South Africa’s former prisons boss, Linda Mti, was granted bail of R20,000 in the Specialised Commercial Crimes Court on Thursday afternoon.
Mti, who arrived from the Eastern Cape, handed himself over to police at the Pretoria police station.
National Prosecuting Authority spokesperson Phindi Mjonondwane said earlier that an agreement had been reached between Mti’s lawyers and the Hawks for him to hand himself over.
He was listed as a suspect by the Hawks along with former Bosasa chief operations officer and state capture whistleblower Angelo Agrizzi, former correctional services chief financial officer Patrick Gillingham and former Bosasa executive Andries van Tonder.
Agrizzi, Van Tonder and Gillingham appeared in the Specialised Commercial Crimes Court in Pretoria on Wednesday.
Gillingham is facing one count of contravening the Prevention and Combating of Corrupt Activities Act.
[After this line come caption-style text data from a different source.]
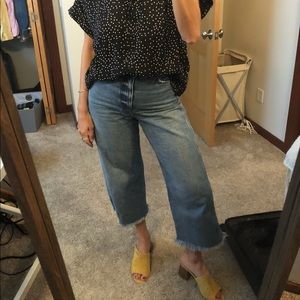 Weekday High waits Wide Leg Cropped Jeans Sz 27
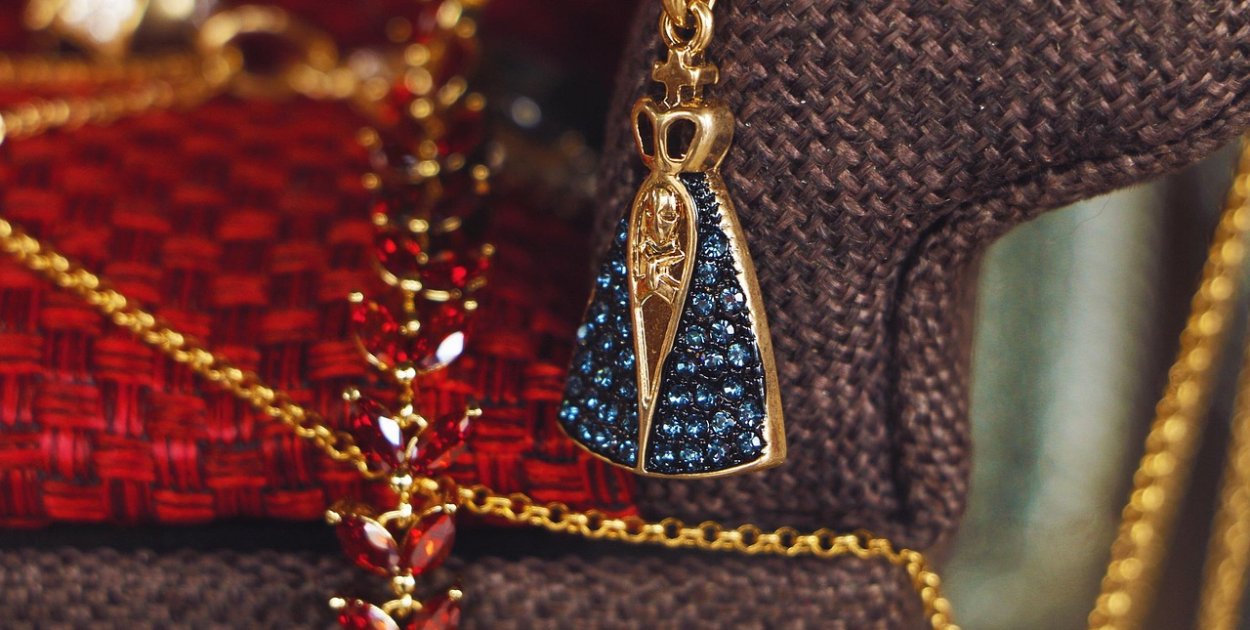 Gdzie kupić dobrej jakości linki do tworzenia bransoletek i naszyjników?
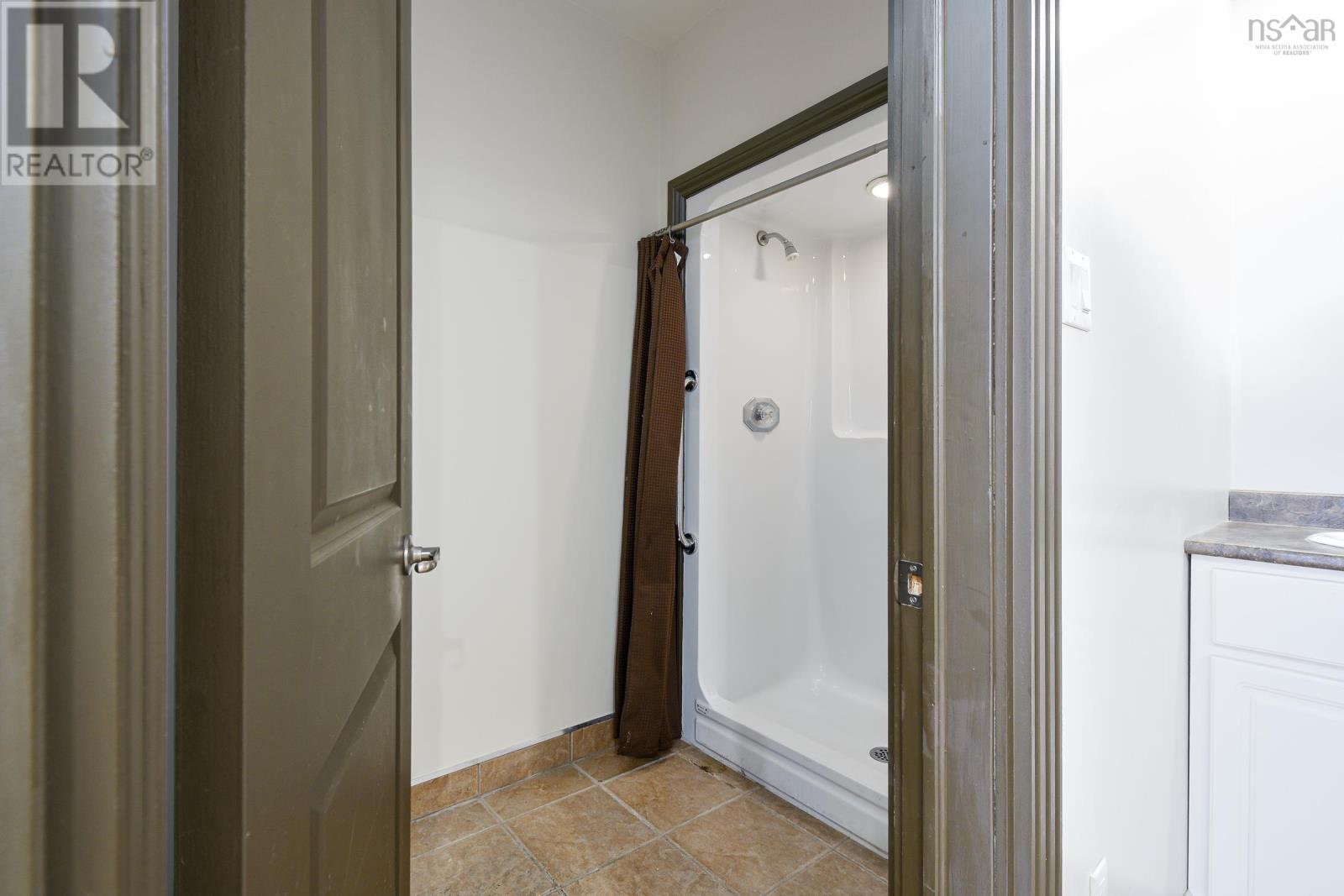 176 Inglis Street Property Photo 25
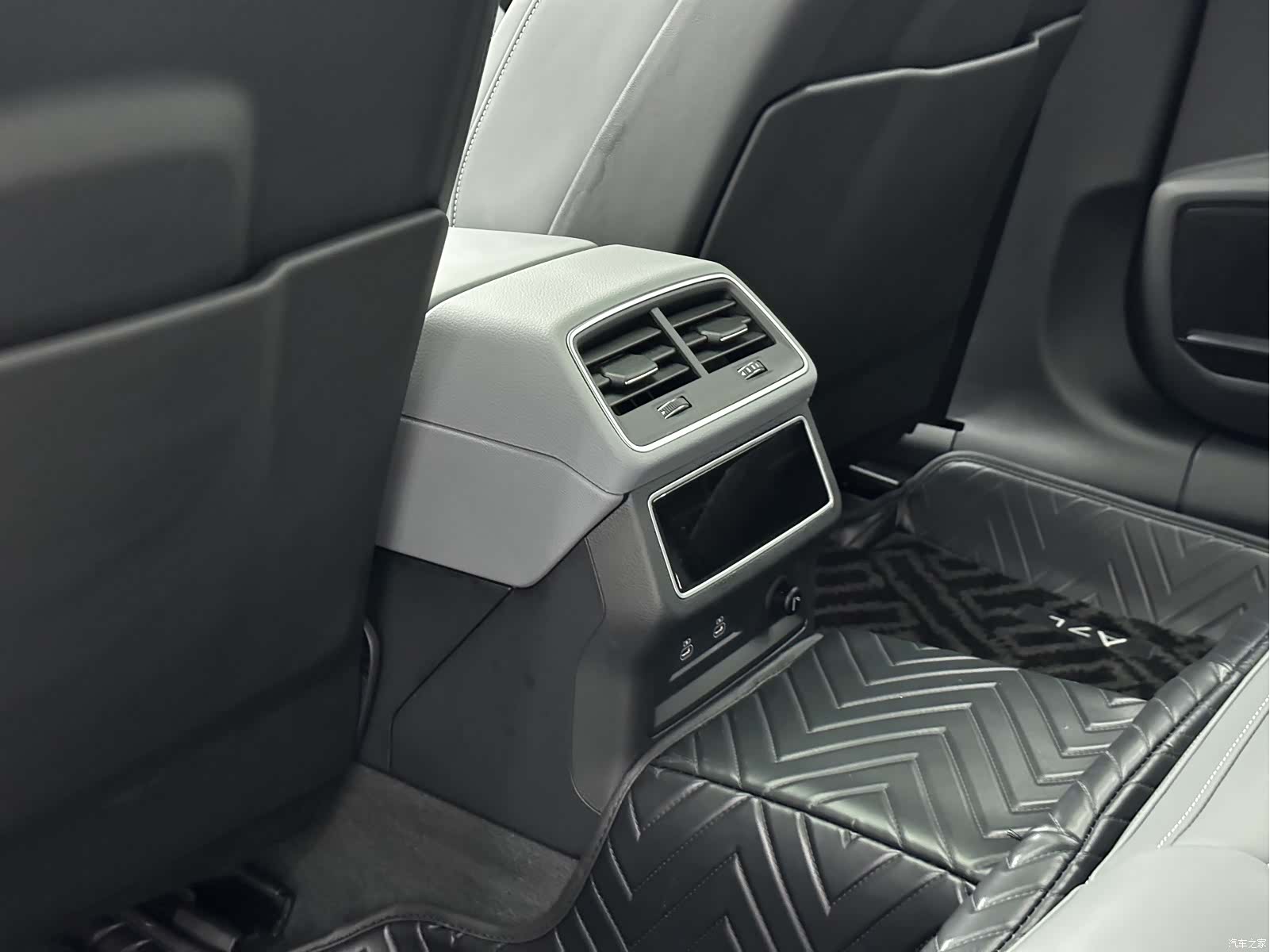 Audi A7L, 2025 20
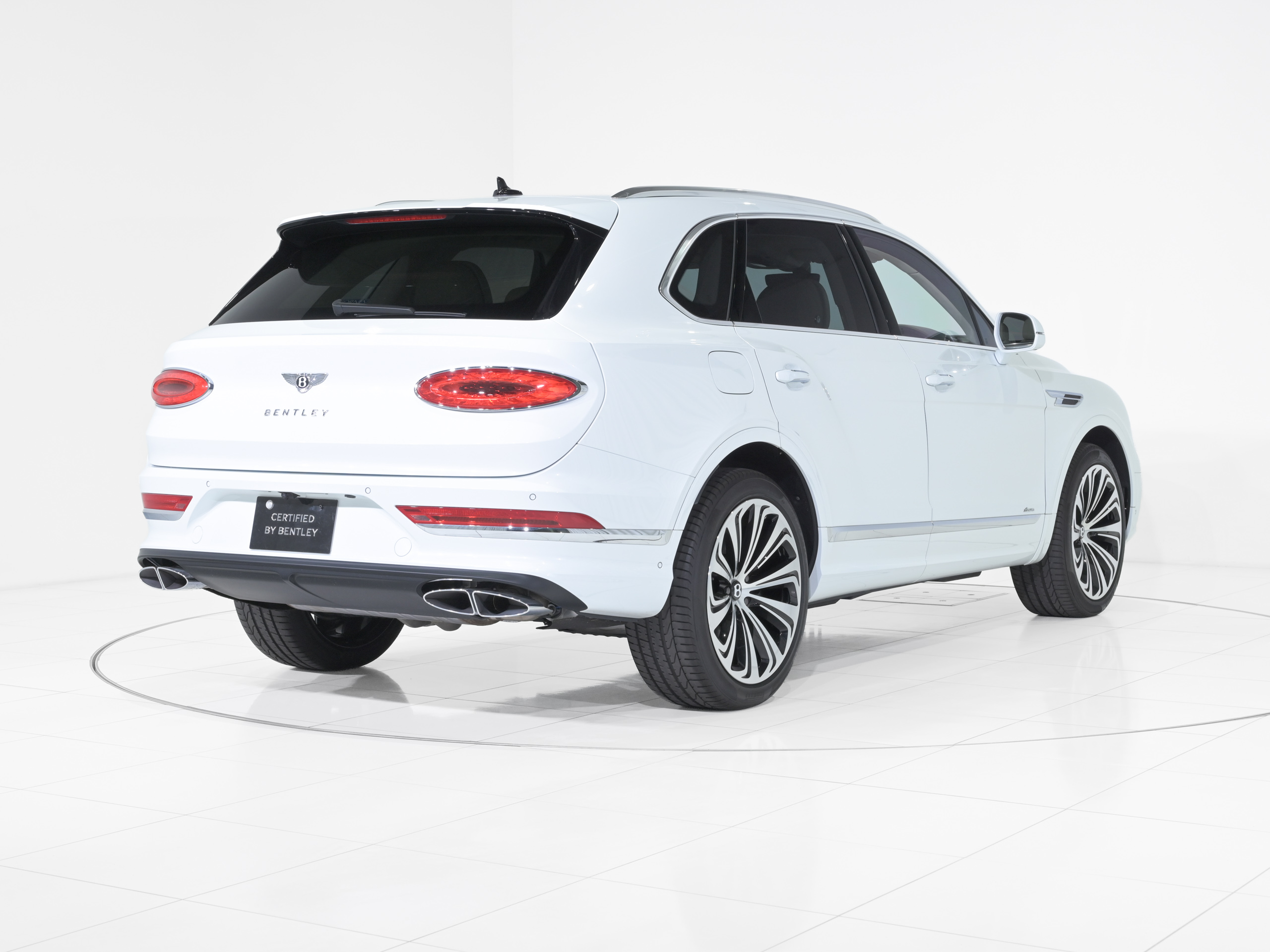Bentley Bentayga Azure - image 3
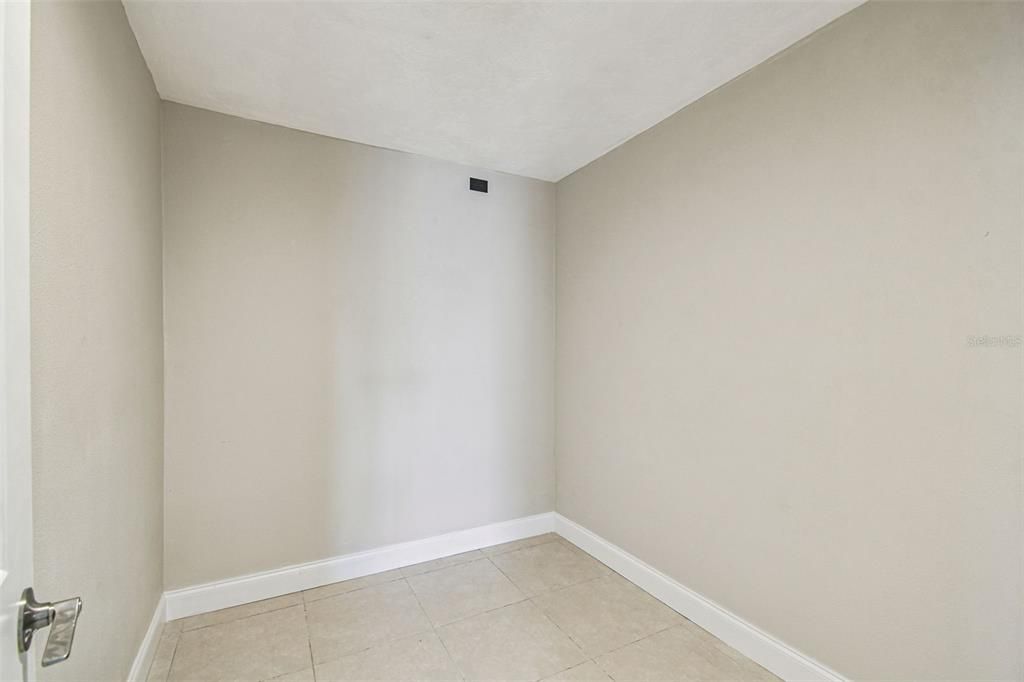 出租: $4,250 (3 贝兹, 2 浴室, 2082 平方英尺)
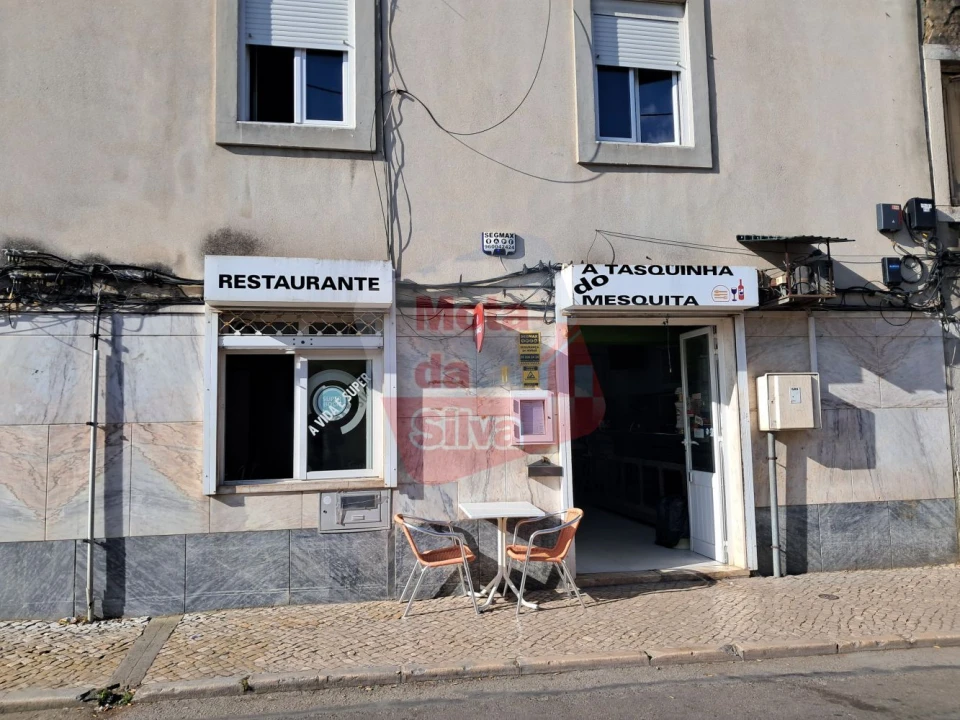 Loja para Venda em Almada, Cova da Piedade, Pragal e Cacilhas Foto 1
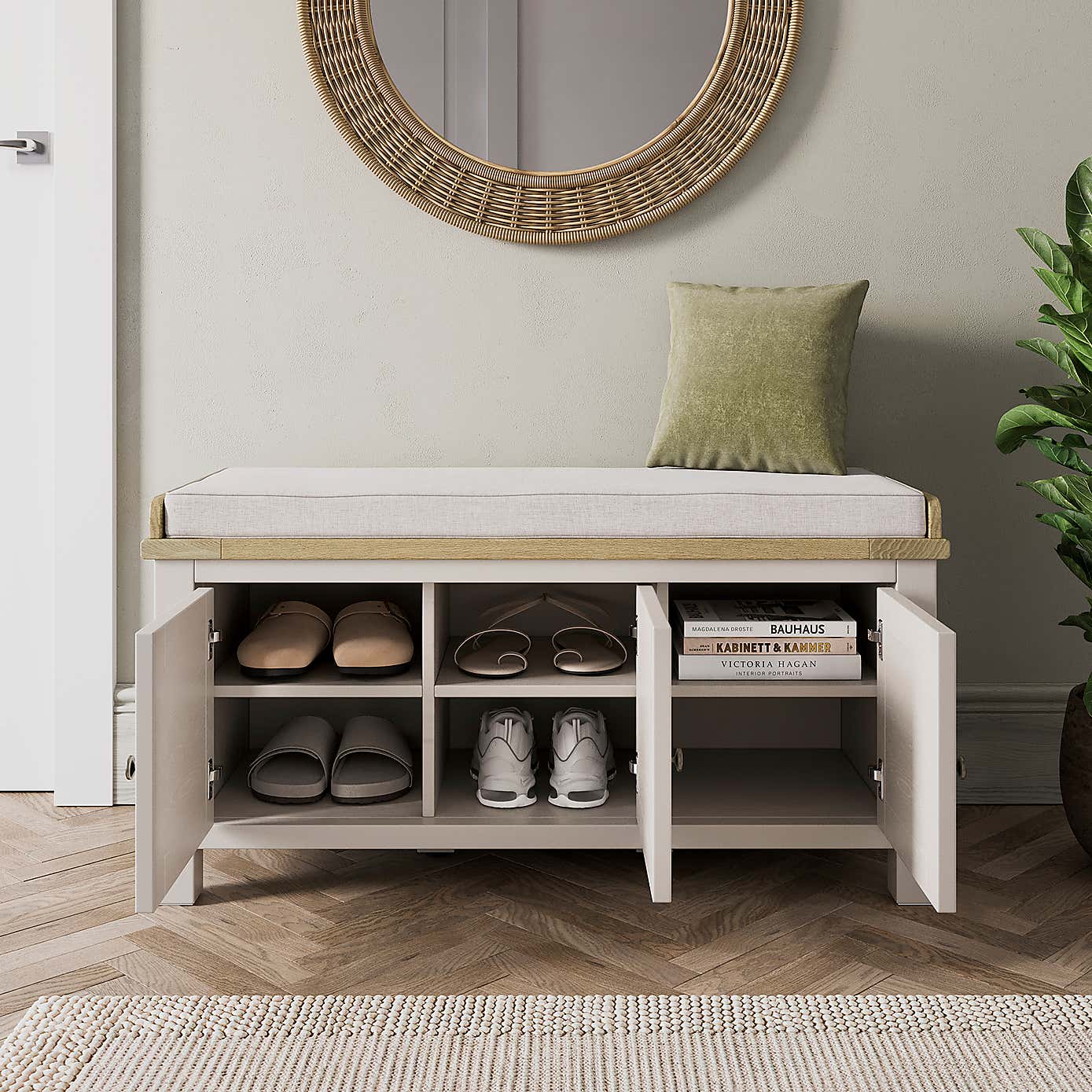 Carousel zoom image position 2 of 7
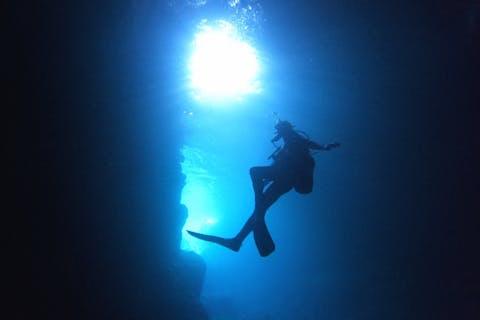 【沖縄本島・青の洞窟・ボート体験ダイビング】ASOVIEW AWARD受賞店★写真&動画無料プレゼント★ボートで快適に青の洞窟へ★インストラクター完全貸切★当日予約OK★ワンランク上の5ッ星ツアー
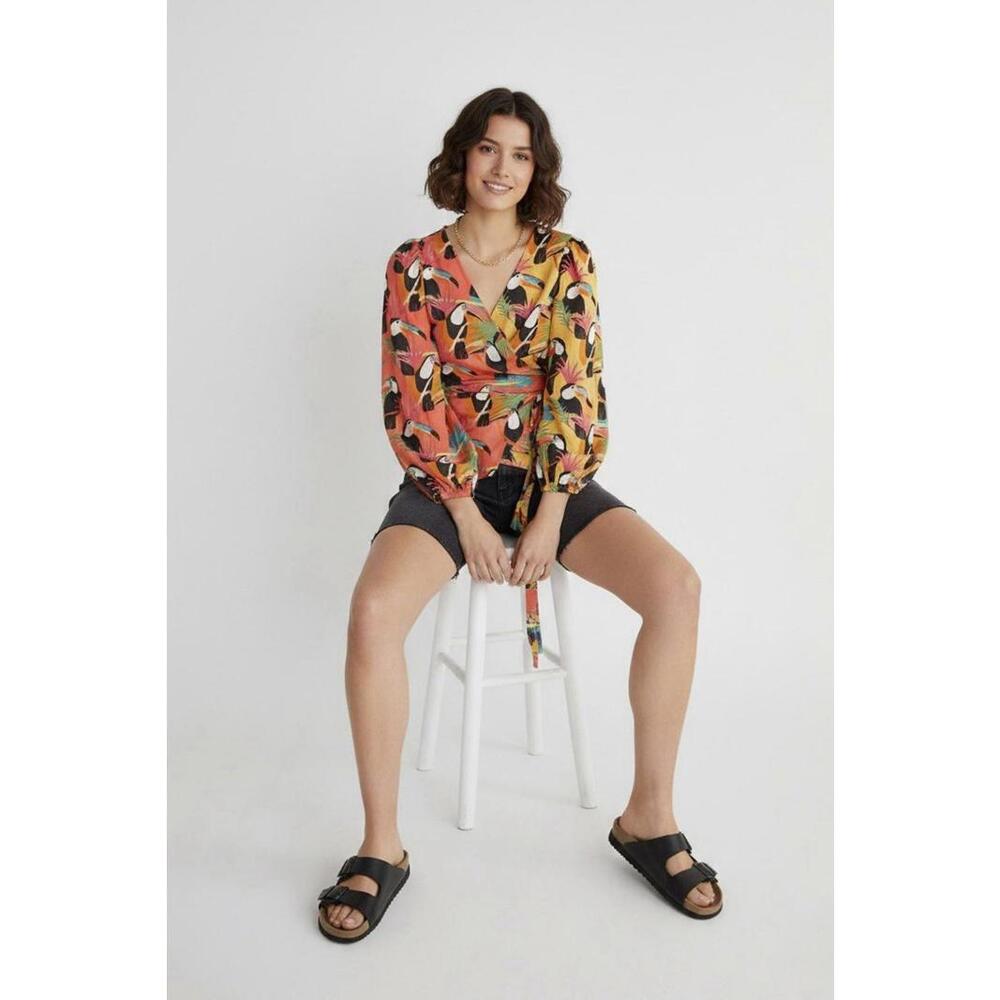 Farm Rio Women’s XS Tropical Toucan Colorful‎ Lightweight Wrap Top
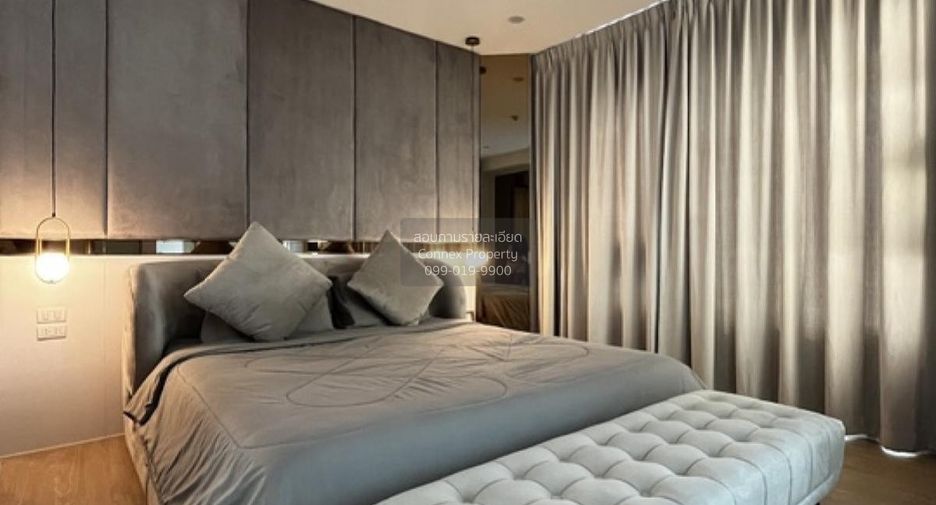 For sale 2 bedrooms condo in Yan Nawa, Bangkok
The charge sheet lists 31 gratifications allegedly received by Gillingham.
Gillingham also faces five counts of money laundering.
They were also released on R20,000 bail each.
Hawks spokesperson Brigadier Hangwani Mulaudzi said the seventh suspect was in the US.
“We have good relations with the US authorities, so we believe it will be smooth sailing,” Mulaudzi said.
According to the draft charge sheet at court on Wednesday, Mti allegedly enjoyed free flights, accommodation and even had a traffic fine paid in exchange for his role in tenders awarded to Bosasa.
Mti allegedly scored benefits worth nearly R1m.
The charge sheet said that between May 2004 and July 2015, Mti received gratifications including car rentals, local flight tickets and accommodation at local hotels to the value of R975,637.22.
It says Mti, who was a public officer employed by the correctional services department, directly or indirectly accepted or agreed to accept unauthorised gratifications from former Bosasa COO Angelo Agrizzi and former Bosasa CFO Andries van Tonder. He also scored from Bosasa and two other companies, Sondolo IT and Phezulu Fencing.
The three companies are named in the court papers.
One of the gratifications included a traffic fine of R322 paid for Mti in Port Elizabeth in July 2015.
The draft charge sheet said Mti also received about 24 cash payments between March 2004 and December 2007. The lowest amount was for R2,500 and the largest for R9,000.
It also alleged that Mti failed to ensure compliance with the procurement processes of the correctional services department in relation to a number of tenders, which resulted in the Bosasa group of companies being awarded those tenders.
The accused are expected to appear in court on March 27.